Al-Qard Al-Hassan, or AQAH, has been under U.S. sanctions since 2007, with the Treasury Department describing the bank as being used by Hezbollah “as a cover to manage the terrorist group’s financial activities” and to “gain access to the international financial system.”
In the years since, Treasury officials have continued to accuse Hezbollah of using the bank to “abuse the Lebanese financial sector and drain Lebanon’s financial resources at an already dire time” in a country grappling with protracted economic and political crises.
Al-Qard Al-Hassan, which translates to “the good loan,” has more than 30 branches across Lebanon, according to local media, with many based in the Shiite-majority southern suburbs of Beirut and at least some appearing to have been connected to residential buildings.
Israel’s strikes on the bank marked an expansion of its war against Hezbollah beyond what the IDF has described as the targeting of the group’s military sites.
The IDF said Monday that Israeli soldiers also continued to launch ground raids into southern Lebanon and had dismantled “large quantities of Hezbollah’s weapons,” while also killing Hezbollah members, including “tactical-level commanders.”

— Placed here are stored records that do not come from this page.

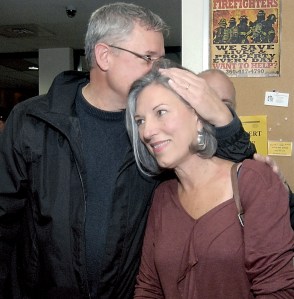 Mary Ellen Winborn gets a kiss from her husband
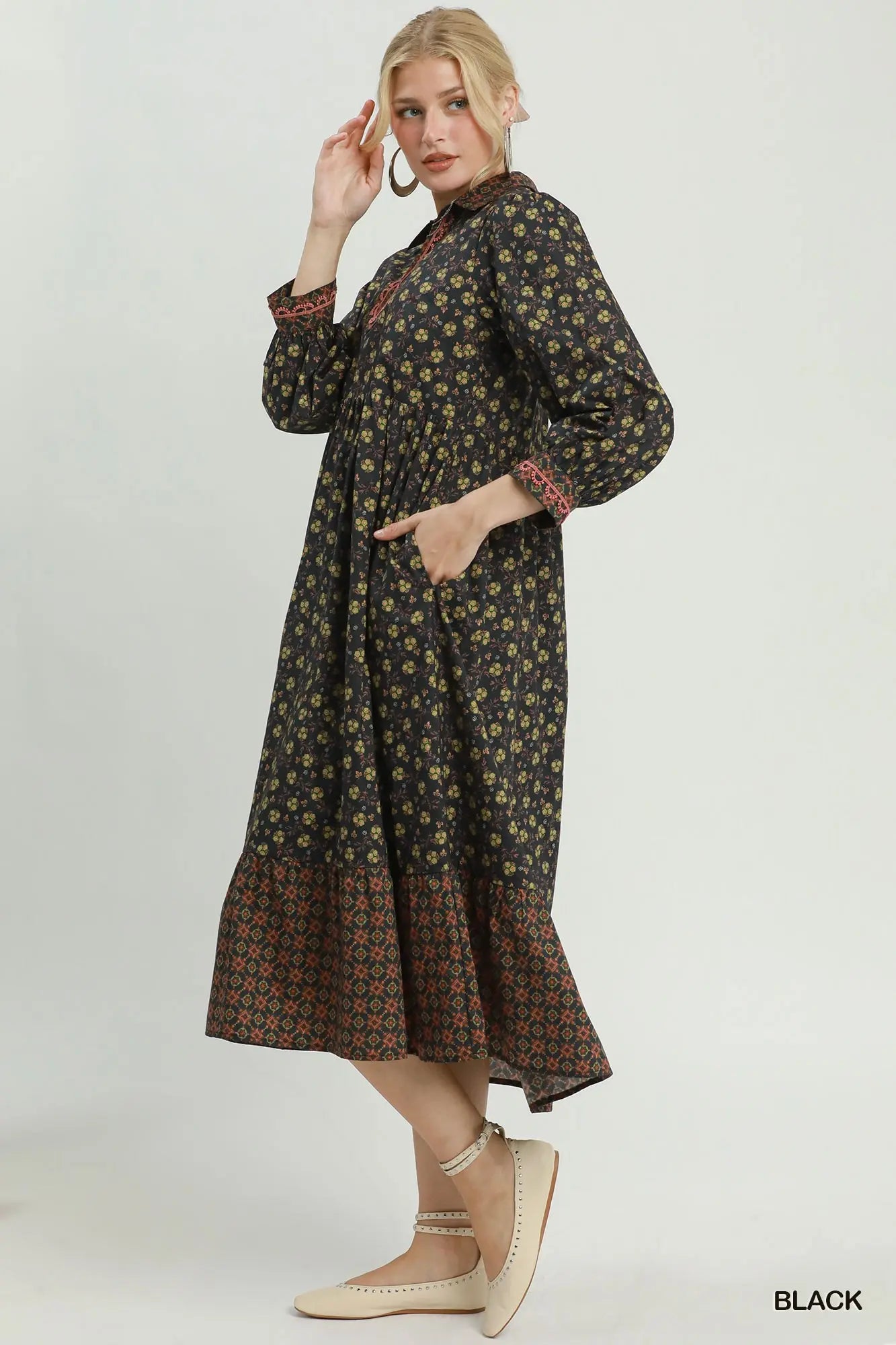 A woman modeling a long-sleeved black midi dress with a dense yellow and green floral print, featuring a contrasting patterned hem and cuffs, paired with beige pointed flats against a light gray studio background.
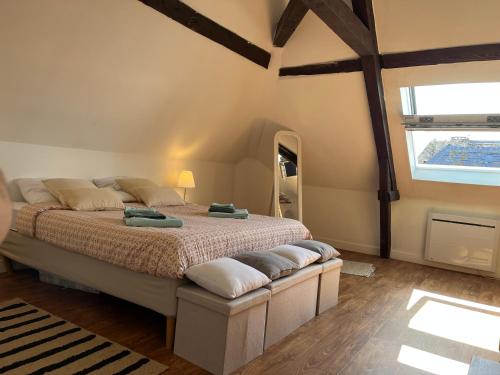 een slaapkamer met een bed met kussens erop bij Duplex Beauregard - calme & proche de la plage in Dieppe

At least 2,464 people, including 127 children, have been killed in Lebanon since hostilities between Israel and Hezbollah began to escalate last year following Hamas’ Oct. 7 terror attack, according to the Lebanese health ministry, while an estimated 1.2 million people have been displaced from their homes.
In an interview with Al Arabiya on Monday, Lebanese Prime Minister Najib Mikati said he believed there would be “no solution except through diplomacy” to bring fighting in the region to an end but that he’d had no direct contact with Hezbollah since the middle of last month.
Israeli military making life ‘impossible’ in northern Gaza, U.N. says
Meanwhile, Israeli forces continued a deadly offensive in northern Gaza, where dozens of people were killed over the weekend in Israeli airstrikes in the areas of Beit Lahia and the nearby Jabalia refugee camp, according to local health officials.
The IDF said Monday that troops had killed militants and continued to dismantle militant infrastructure and tunnel shafts in the area of the Jabalia refugee camp over the past day. The military said troops were also operating across southern and central Gaza.